# Supplied data
+---+

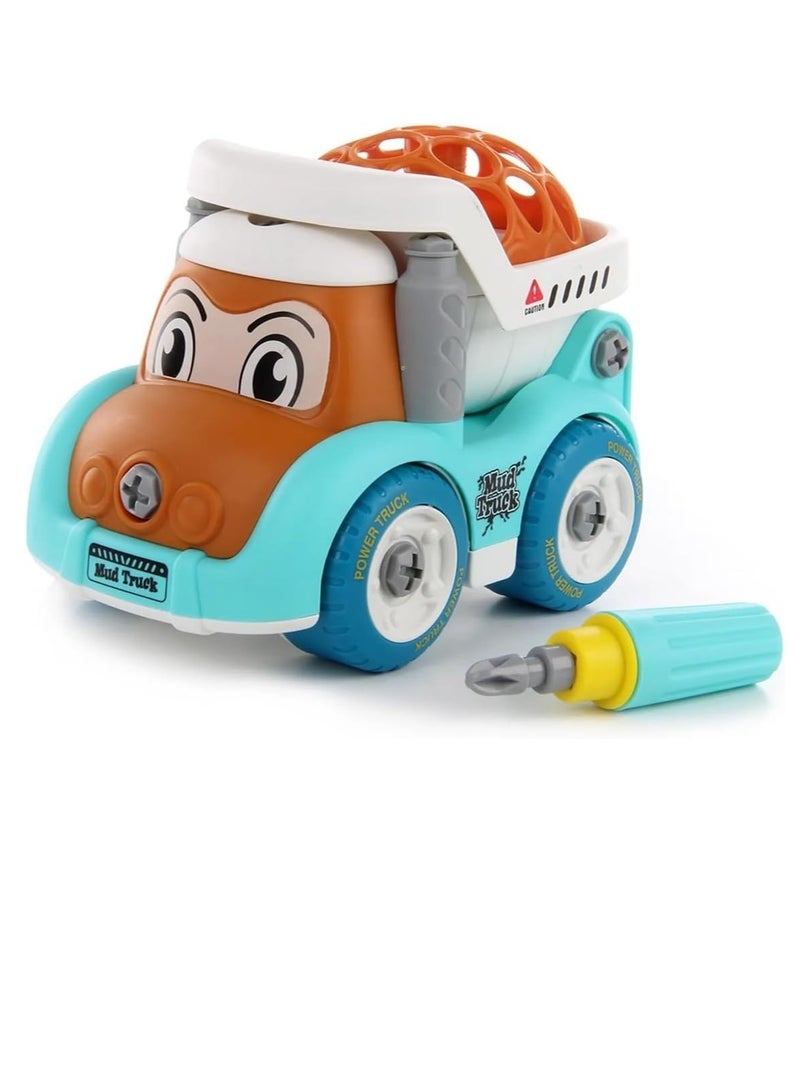 Take Apart Mud Truck Cartoon Vehicle with Screw Driver Build and Play DIY Dismantle and Repair Toy for Kids Children  - Image 1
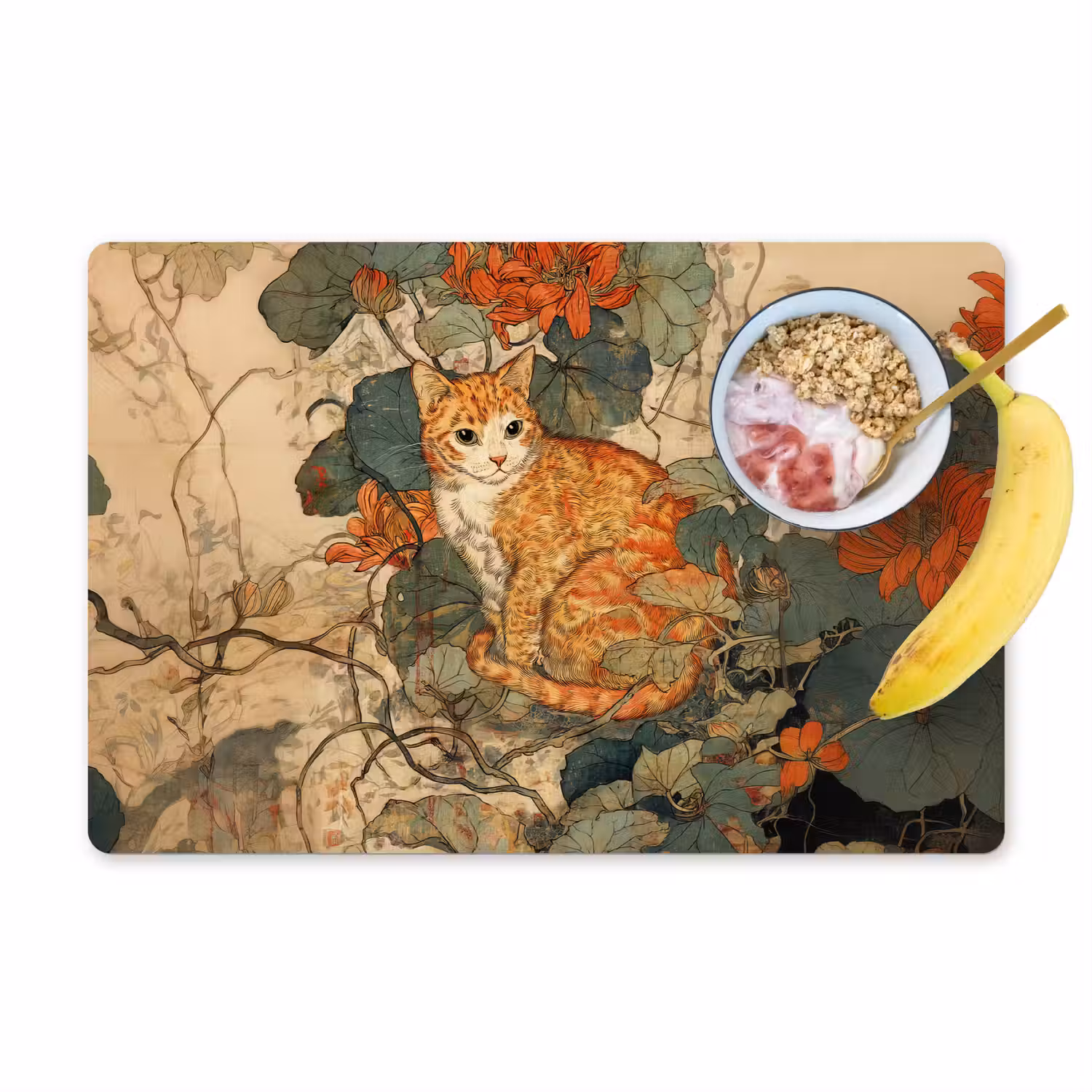 Kat - Sierlijk - Bloemen Placemat vinyl groot -zzzproduct_Kitchenyeah-website
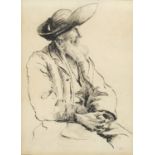 Portrait of a seated bearded gentleman wearing a hat, continental school pen and ink, bearing an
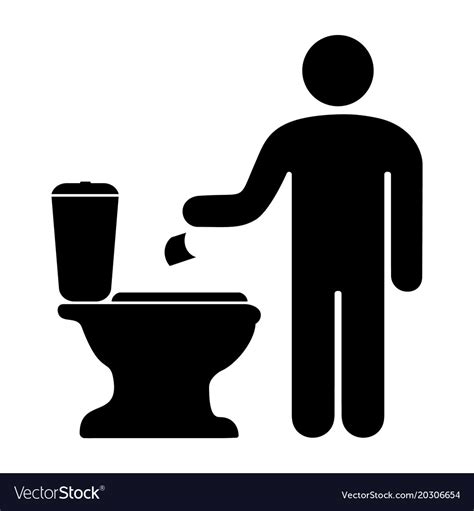 Man Throwing Toilet Paper In The Toilet Royalty Free Vector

+---+

# About this exercise
Write the listing out a second time exactly, dropping all images.

# Task solution
 Take Apart Mud Truck Cartoon Vehicle with Screw Driver Build and Play DIY Dismantle and Repair Toy for Kids Children  - Image 1
 Kat - Sierlijk - Bloemen Placemat vinyl groot -zzzproduct_Kitchenyeah-website
 Portrait of a seated bearded gentleman wearing a hat, continental school pen and ink, bearing an
 Man Throwing Toilet Paper In The Toilet Royalty Free Vector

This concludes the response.